Inflow outflow technique of dissection is the most convenient and widely used technique for dissection of heart chambers.  A blunt end scissors is passed through the opening for inferior vena cava, and a cut made extending to the right auricle. Right atrioventricular valve is examined for stricture or stenosis, by inserting the fingers into the valve opening. With the help of scissors, lateral wall of right atrium  and right ventricle is opened laterally to expose the chambers. The whole of the right side of heart is now open and displayed. It should be washed with water and endocardium and valves examined for any gross pathological changes.

A similar procedure is repeated on left side of the heart but the mitral valve is examined before dissection of the left venticle. The opening for pulmonary veins are cut open and fingers inserted into the mitral valve opening to note for stricture or stenosis. The left ventricle is cut open along the anterior interventricular groove upto the apex.  The aorta is cut open from left chamber in the direction of blood flow. The whole heart is now exposed and washed before being weighed. The endocardium and valves are then examined and the thickness of both ventricular walls measured. The myocardium is then given a ‘sandwich’ cut through the thickness of the left ventricle. Any area of discoloration or fibrosis in this wall must be sectioned and samples collected for histopathological analysis.

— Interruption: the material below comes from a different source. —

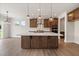 A spacious kitchen featuring a large island, stainless steel appliances, dark wood cabinets, and hardwood style flooring at 1224 Cricket St, Elon, NC 27244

Examination of the abdominal organs
After dissection of the oesophagus, the stomach is ligated at its pyloric sphincter with twine and entire block is separated from intestines. It is then placed in a container to be weighed. The content of stomach, color and its odor must be recorded. Greater curvature is opened with scissors and contents allowed to pour into a container, which can later be discarded or collected for analysis.

Gall bladder is squeezed to test for patency of bile duct and bile can be collected for analysis of drugs (esp. opium derivatives). Adrenals are separated and examined. If the  kidneys are lifted against the weight of the liver, adrenals can be located between liver and kidneys. The pancreas lies under the stomach and should be cut longitudinally, from the curve of the duodenum to its tail, lying against the splenic hilum. The kidneys are exposed by incising their capsules. The kidneys can usually be peeled out of their capsules unless adherent. It is not common to open the whole length of the intestines during autopsy unless indicated.